Item #33128 AN ARGUMENT, IN FAVOR OF THE CONSTITUTIONALITY OF THE GENERAL BANKING LAW OF THIS STATE, DELIVERED BEFORE THE SUPREME COURT, AT THE JULY TERM, 1839. Samuel A. Foot.

AN ARGUMENT, IN FAVOR OF THE CONSTITUTIONALITY OF THE GENERAL BANKING LAW OF THIS STATE, DELIVERED BEFORE THE SUPREME COURT, AT THE JULY TERM, 1839.

Geneva: Ira Merrell, Printer, 1839. 101, [1- errata] pp. Disbound, scattered foxing. Good+.

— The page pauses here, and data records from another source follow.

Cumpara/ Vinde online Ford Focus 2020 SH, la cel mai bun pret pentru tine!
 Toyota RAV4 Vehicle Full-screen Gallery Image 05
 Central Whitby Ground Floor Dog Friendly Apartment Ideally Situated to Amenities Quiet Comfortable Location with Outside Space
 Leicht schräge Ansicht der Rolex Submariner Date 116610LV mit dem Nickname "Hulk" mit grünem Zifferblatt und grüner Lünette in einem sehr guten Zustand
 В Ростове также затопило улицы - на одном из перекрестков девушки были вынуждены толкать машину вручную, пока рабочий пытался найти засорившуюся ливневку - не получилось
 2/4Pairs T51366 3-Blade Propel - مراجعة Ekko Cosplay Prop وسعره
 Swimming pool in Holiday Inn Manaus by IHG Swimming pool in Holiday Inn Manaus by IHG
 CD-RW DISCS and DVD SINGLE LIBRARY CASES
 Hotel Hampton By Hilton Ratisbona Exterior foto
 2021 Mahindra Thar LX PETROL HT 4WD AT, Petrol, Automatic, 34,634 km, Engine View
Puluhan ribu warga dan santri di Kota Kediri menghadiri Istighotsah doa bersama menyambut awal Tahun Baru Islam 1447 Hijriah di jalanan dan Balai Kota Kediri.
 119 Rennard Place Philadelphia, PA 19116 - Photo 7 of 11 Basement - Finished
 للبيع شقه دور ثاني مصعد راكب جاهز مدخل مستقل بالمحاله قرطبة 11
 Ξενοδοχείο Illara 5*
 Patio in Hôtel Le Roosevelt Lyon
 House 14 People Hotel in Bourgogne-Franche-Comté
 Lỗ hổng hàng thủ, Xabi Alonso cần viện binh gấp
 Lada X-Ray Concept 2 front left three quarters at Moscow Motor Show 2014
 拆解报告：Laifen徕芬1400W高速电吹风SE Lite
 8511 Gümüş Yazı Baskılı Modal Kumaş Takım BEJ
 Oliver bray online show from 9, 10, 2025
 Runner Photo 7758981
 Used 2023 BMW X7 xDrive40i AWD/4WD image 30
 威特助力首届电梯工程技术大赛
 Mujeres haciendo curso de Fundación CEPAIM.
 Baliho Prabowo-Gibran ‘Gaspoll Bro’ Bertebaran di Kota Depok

Foot "traces the development of banks as private corporations and describes the legislative process involved in their regulation" [Cohen]. His prefatory 'Advertisement' says the case is of "unparalleled importance." The fate of "hundreds of millions" of dollars depended on its outcome. New York's Constitution strictly regulated the legislature's authority to create corporations; opponents of New York's Banking Law argued that the Act violated that constitutional provision.
The case was entitled, 'Anson Thomas, President of the Bank of Central New-York vs. Samuel D. Dakin.' Dakin's checks were dishonored for lack of funds. When the Bank sued him, he claimed that the Bank of Central New-York, which was conducting business under New York's banking law, was doing so illegally because that law violated the Constitution. Foot, who argued for the Act's constitutionality, "has given a full history of the origin and passage of the statute, and, in notes, brief sketches of the character of several gentlemen who were either its prominent supporters or have approved of it since its passage. He has also added an Appendix, containing a concise exposition of the powers which the law confers on the banking institutions organized under it, and the advantages which they are supposed to have over the old banks" [II Foot, AUTOBIOGRAPHY 211 (New York: 1872)].